35. Per-family code generation
One compiler binary lowers a network for every generation, and the per-chip difference is data rather than code. Native operation support is declared by a
MinimumFamily<N>trait in four floors, F0 through F4, and nothing floors above F4. The only operations the M1 decomposes that the M5 runs natively are crop-resize, resample,sin,cos, and the global arg-reductions.
The compiler that targets every Neural Engine generation is one binary. A single build lowers a network for the M1 and for the M5, and the divergence is driven by the family enum and the per-chip hardware-abstraction parameter blob from chapter 24.

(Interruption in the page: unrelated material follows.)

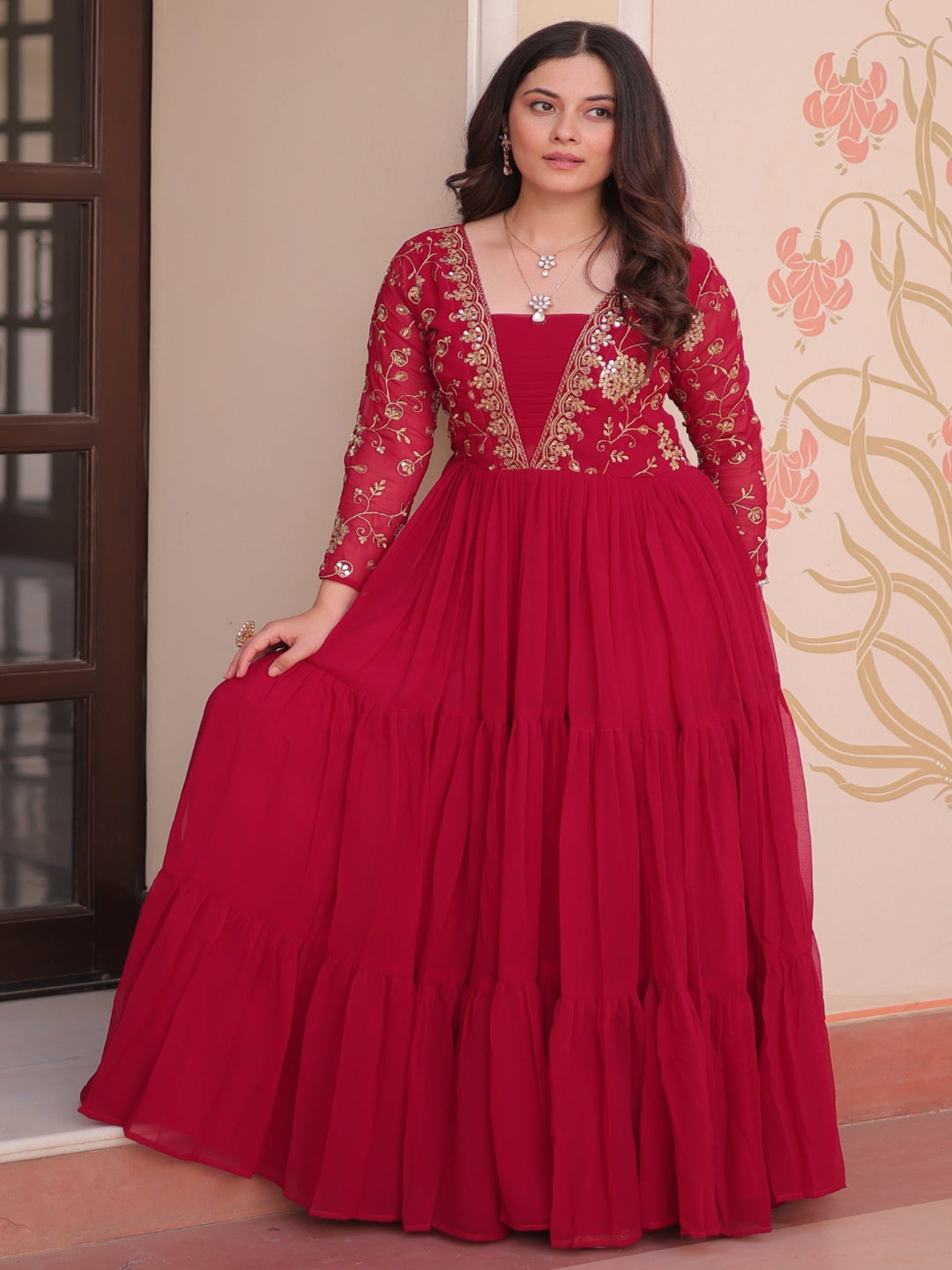 Woman wearing a red traditional outfit with intricate designs in a decorated room.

One binary, eight families
The compiler enumerates the eight generations as the mlir::anec::Family values that listing 35.1 gives.
mlir::anec::Family = {
A11Legacy = 0, A12 = 1, A13 = 2, A14 = 3,
A15 = 4, A16 = 5, A17 = 6, A18 = 7
}
Listing 35.1. The eight-value family enumeration the compiler keys per-generation operation legality from.
The M1 compiles as A13 (index 2) and the M5 compiles as A17 (index 6), and A17 is a strict superset of A13 in operation support.
Two string parsers build the per-target objects from the target name: CreateTargetFromString constructs the ZinIrTarget instance, and CreateHalFromString constructs the matching ZinIrHalParameters blob.
Both branch on string length and the first characters compared as little-endian shorts, 0x3168 for "h1", 0x3074 for "t0", 0x396d for "m9", and 0x316d for "m1".
The numeric hardware version maps to the family enum through a fixed table, the unordered_map<int, Family> named ANEFamilyToMLIR, whose data table table 35.1 decodes key to value along with the targets that resolve to each family.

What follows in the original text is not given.